Rejet de la pétition de la «Manif pour Tous». Déni de droit ?

Tribune libre de Gabriel Privat*

Coup d’État de Bonaparte, le 18 brumaire An VIII.

Il est heureux que le ridicule n’ait encore jamais tué personne. Dans le cas contraire, le communiqué publié par le Conseil économique et social ce 26 février aurait bien pu mettre fin à la brillante carrière des membres de son bureau.

Ce jour, en effet, le Conseil a déclaré irrecevable la pétition déposée par les membres du collectif “La manif pour tous » demandant un avis sur le projet de loi ouvrant l’institution du mariage à deux personnes de sexe identique. Pourtant, les conditions formelles de la saisine étaient réunies, comme le rappelle le communiqué avec honnêteté. Avec 700 000 signatures et une procédure contrôlée par un huissier, l’inverse aurait été surprenant.

C’est donc sur le fond que le Conseil a rejeté la saisine. En effet, d’après lui, le Conseil ne peut être saisi par voie de pétition sur un projet de loi. Il cite l’article 69 de notre Constitution, dont voici les dispositions :

« Le Conseil économique, social et environnemental, saisi par le Gouvernement, donne son avis sur les projets de loi, d’ordonnance ou de décret ainsi que sur les propositions de lois qui lui sont soumis.

Un membre du Conseil économique, social et environnemental peut être désigné par celui-ci pour exposer devant les assemblées parlementaires l’avis du Conseil sur les projets ou propositions qui lui ont été soumis.

Le Conseil économique, social et environnemental peut être saisi par voie de pétition dans les conditions fixées par une loi organique. Après examen de la pétition, il fait connaître au Gouvernement et au Parlement les suites qu’il propose d’y donner. »

L’article dispose en effet que le Gouvernement peut saisir le Conseil sur les projets de loi et ne le précise pas pour les pétitions. Mais il n’y a pas non plus de disposition contraire à cette voie de saisine. La lecture de l’article fut donc extrêmement restrictive. On devine bien que cette décision fut politique et que l’argument de droit n’était que l’heureux prétexte.

L’article 69 renvoie à une loi organique pour plus de précisions. Mais la loi organique en question, du 29 juin 2010, ne précise rien de plus dans le domaine de la saisine populaire.

“Ainsi, alors que tous les éléments concordaient pour permettre de vivre un réel moment de démocratie participative souhaité par cette institution ; alors qu’une occasion s’offrait à lui d’affirmer un poids réel qu’il n’a jamais eu, le Conseil économique et social a choisi de laisser passer l’occasion, fidèle à ses maîtres, infidèle à ses ambitions proclamées.”

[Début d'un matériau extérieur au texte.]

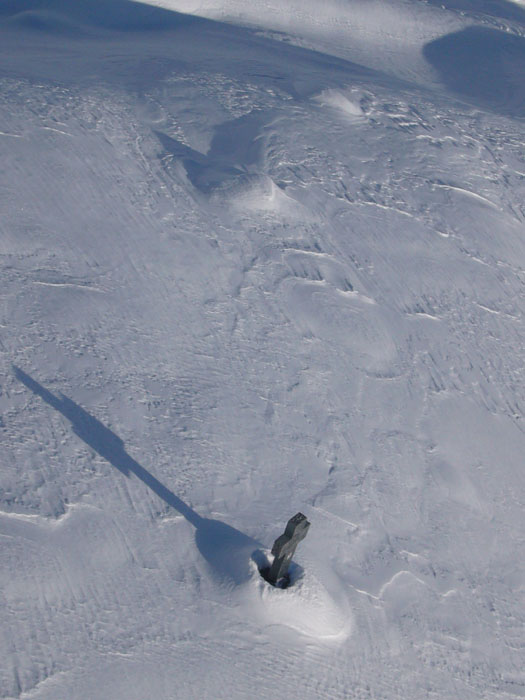 ... und ist bei guten Schneeverhältnissen nicht sichtbar. [url=http://www.jacomet.ch/themen/skilift/album/displayimage.php?album=28&pos=89]Hier ein Sommerbild des Kreuzes aus der Bauphase des Liftes[/url].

Nous sommes donc dans le flou. Flou que le Conseil a décidé d’utiliser dans le sens qui complaisait au gouvernement. Il n’y a donc pas, à proprement parler, de déni de droit.

Par contre, peut-être peut-on parler de déni de démocratie. En effet, tous les éléments sont rassemblés pour que l’on puisse parler d’une situation relevant de la démocratie. Il s’agit d’une saisine citoyenne. Le seuil fixé, 500 000 signatures, a été largement dépassé avec près de 700 000. Il s’agit de l’usage d’une opportunité nouvelle ouverte par la révision constitutionnelle de juillet 2008 et dont le but était d’élargir la vie démocratique en France par la participation des citoyens. Cette saisine était par ailleurs une première, donc un grand moment de vie démocratique, en ce sens qu’il s’agissait d’un phénomène inédit de participation populaire. Cette opportunité correspondait au souhait du Président Hollande d’affermir le poids du Conseil économique et social. Cette opportunité offerte, le Conseil aurait d’autant plus dû la saisir que, dans son communiqué de presse, il se qualifie, avec outrance et sans peur de l’exagération, de « troisième assemblée de la République », lui qui n’est pas élu et dont la voix est consultative…

Ainsi, alors que tous les éléments concordaient pour permettre de vivre un réel moment de démocratie participative souhaité par cette institution ; alors qu’une occasion s’offrait à lui d’affirmer un poids réel qu’il n’a jamais eu, le Conseil économique et social a choisi de laisser passer l’occasion, fidèle à ses maîtres, infidèle à ses ambitions proclamées.

La pilule serait simplement amère à avaler si par ailleurs le Conseil ne s’était pas couvert de ridicule en envisageant, au terme de son communiqué, la possibilité d’une auto-saisine. Il faut pourtant choisir ; la saisine populaire est-elle irrecevable ? Si oui, pourquoi le Conseil envisage-t-il une auto-saisine ? Sans doute sera-t-elle d’ordre général sur les questions de famille, mais dès lors elle ne pourra se faire qu’après le vote du projet de loi. Quelle sera son utilité ? Nulle.

Non content de bafouer la démocratie dont il prétend être un représentant, le Conseil économique et social prend les Français pour des imbéciles.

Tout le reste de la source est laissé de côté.